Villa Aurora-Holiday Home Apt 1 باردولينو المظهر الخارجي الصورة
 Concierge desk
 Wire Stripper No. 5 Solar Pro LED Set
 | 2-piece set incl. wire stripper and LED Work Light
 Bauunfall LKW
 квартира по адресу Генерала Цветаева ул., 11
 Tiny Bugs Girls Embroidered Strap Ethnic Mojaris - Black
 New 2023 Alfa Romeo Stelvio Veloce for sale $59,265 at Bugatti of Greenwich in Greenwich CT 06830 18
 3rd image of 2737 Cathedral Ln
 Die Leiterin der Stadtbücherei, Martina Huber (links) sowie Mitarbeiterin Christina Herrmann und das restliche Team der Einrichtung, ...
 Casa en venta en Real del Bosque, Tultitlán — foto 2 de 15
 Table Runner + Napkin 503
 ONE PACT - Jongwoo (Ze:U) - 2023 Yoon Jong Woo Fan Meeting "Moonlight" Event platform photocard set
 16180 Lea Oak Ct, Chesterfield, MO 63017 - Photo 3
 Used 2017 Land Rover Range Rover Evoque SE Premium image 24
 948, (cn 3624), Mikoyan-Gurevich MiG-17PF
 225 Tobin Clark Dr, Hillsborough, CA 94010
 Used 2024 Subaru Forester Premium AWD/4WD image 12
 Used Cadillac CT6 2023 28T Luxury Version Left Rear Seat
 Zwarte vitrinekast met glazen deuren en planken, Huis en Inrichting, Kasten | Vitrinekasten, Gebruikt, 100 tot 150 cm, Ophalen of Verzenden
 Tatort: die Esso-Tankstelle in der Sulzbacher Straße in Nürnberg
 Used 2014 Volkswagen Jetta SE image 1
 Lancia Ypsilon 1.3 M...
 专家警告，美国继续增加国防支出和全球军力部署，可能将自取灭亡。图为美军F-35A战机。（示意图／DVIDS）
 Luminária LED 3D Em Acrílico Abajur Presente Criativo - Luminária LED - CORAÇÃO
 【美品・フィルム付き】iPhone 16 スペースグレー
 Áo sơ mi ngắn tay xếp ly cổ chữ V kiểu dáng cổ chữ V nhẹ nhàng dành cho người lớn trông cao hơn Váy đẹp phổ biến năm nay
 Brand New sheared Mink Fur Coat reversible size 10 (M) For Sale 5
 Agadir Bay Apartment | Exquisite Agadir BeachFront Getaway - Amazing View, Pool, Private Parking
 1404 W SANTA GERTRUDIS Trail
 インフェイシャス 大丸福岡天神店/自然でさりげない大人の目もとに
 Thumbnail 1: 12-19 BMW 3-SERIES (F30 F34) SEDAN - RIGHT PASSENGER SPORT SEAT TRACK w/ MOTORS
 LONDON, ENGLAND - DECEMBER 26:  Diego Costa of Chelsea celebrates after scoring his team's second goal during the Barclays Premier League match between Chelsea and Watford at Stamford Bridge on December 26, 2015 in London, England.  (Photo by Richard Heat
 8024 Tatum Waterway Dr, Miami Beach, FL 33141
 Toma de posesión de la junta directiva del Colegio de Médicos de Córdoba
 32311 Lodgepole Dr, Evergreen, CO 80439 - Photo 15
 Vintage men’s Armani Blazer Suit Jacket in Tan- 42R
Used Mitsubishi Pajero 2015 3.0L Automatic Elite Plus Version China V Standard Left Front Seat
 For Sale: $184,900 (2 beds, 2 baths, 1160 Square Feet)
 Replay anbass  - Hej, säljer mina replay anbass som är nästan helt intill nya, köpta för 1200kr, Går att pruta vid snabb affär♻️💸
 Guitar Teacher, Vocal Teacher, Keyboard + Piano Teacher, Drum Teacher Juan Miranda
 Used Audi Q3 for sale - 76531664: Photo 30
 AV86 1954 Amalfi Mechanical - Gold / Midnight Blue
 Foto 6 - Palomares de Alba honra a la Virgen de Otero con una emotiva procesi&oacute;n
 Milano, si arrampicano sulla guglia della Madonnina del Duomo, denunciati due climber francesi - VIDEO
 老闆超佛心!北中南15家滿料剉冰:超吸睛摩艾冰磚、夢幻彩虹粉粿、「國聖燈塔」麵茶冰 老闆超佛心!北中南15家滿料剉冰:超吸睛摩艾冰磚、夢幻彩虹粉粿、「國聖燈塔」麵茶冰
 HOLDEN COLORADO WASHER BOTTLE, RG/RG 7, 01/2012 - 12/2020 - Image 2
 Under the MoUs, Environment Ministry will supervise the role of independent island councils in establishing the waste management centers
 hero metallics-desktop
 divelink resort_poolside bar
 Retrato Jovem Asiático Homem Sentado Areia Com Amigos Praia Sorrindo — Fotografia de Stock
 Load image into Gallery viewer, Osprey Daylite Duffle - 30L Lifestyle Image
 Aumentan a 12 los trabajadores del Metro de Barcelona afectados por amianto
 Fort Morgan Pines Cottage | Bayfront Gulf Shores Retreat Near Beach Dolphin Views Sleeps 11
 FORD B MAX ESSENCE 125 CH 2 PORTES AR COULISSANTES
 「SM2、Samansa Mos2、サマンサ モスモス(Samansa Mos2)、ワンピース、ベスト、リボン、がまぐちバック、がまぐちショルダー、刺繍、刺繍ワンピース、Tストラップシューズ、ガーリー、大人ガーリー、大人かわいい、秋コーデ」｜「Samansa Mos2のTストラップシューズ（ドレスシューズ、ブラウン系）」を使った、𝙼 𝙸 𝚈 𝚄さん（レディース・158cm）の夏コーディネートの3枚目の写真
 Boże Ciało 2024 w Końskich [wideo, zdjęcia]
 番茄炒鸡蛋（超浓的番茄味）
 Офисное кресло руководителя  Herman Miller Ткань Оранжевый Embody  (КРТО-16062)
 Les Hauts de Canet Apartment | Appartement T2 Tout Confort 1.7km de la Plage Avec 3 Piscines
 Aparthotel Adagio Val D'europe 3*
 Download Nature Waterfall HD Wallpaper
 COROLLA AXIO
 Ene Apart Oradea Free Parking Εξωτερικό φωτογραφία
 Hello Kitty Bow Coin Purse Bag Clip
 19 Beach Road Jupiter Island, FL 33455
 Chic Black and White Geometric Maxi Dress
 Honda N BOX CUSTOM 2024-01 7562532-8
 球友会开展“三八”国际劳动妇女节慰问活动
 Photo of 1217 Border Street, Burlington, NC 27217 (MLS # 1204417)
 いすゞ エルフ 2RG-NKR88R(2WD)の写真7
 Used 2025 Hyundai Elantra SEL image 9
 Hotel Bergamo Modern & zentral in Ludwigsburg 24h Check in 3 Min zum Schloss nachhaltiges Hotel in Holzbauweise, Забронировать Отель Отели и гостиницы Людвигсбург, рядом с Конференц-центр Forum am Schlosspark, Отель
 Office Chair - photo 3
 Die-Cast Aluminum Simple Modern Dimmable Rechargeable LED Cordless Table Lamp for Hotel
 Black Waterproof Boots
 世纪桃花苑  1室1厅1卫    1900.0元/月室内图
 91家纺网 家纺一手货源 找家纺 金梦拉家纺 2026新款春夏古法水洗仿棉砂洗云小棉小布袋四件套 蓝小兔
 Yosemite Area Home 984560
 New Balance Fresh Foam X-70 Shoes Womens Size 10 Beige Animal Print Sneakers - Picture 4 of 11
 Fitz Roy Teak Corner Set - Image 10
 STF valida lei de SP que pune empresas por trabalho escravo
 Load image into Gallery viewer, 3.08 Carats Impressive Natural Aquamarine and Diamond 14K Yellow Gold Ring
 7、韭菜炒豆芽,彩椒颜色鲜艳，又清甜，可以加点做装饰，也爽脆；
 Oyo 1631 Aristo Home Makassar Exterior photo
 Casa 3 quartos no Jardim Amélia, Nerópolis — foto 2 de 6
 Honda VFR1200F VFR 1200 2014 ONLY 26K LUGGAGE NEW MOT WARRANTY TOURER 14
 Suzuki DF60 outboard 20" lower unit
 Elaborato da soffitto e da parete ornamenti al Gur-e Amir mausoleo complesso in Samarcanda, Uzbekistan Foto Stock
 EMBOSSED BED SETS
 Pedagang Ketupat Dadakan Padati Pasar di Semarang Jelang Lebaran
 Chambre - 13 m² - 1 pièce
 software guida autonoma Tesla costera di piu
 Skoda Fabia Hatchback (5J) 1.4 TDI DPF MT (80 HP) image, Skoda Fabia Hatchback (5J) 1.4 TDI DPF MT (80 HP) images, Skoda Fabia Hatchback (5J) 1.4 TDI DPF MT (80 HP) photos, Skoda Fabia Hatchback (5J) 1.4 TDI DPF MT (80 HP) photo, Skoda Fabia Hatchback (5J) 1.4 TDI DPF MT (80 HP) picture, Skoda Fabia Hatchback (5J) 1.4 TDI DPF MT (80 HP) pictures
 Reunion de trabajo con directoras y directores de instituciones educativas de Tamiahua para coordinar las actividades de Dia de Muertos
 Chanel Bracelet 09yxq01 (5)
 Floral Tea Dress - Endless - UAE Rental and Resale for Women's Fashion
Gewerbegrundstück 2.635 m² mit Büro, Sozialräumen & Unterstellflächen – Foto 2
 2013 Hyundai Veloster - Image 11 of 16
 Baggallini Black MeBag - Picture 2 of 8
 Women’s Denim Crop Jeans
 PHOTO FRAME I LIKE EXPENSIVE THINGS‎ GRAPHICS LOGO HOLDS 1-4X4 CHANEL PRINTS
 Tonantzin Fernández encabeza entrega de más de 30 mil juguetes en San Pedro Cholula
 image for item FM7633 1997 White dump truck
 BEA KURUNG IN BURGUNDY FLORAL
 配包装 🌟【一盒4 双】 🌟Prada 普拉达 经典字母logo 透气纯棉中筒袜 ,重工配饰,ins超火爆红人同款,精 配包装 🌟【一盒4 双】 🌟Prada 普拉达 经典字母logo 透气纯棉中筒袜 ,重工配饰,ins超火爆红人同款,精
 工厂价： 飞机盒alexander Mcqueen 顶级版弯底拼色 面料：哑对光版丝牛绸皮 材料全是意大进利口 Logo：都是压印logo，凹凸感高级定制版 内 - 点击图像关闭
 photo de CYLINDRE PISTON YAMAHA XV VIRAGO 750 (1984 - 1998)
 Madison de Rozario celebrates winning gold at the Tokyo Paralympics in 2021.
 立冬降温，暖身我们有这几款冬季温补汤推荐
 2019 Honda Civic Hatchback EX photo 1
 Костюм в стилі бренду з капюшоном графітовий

§ §

WHAT IS NEEDED:
What you return should be exactly the lines above, starting at the one with "Concierge desk" and ending at the one with "Die Leiterin der", and nothing else.

ANSWER TO THE PROBLEM:
 Concierge desk
 Wire Stripper No. 5 Solar Pro LED Set
 | 2-piece set incl. wire stripper and LED Work Light
 Bauunfall LKW
 квартира по адресу Генерала Цветаева ул., 11
 Tiny Bugs Girls Embroidered Strap Ethnic Mojaris - Black
 New 2023 Alfa Romeo Stelvio Veloce for sale $59,265 at Bugatti of Greenwich in Greenwich CT 06830 18
 3rd image of 2737 Cathedral Ln
 Die Leiterin der Stadtbücherei, Martina Huber (links) sowie Mitarbeiterin Christina Herrmann und das restliche Team der Einrichtung, ...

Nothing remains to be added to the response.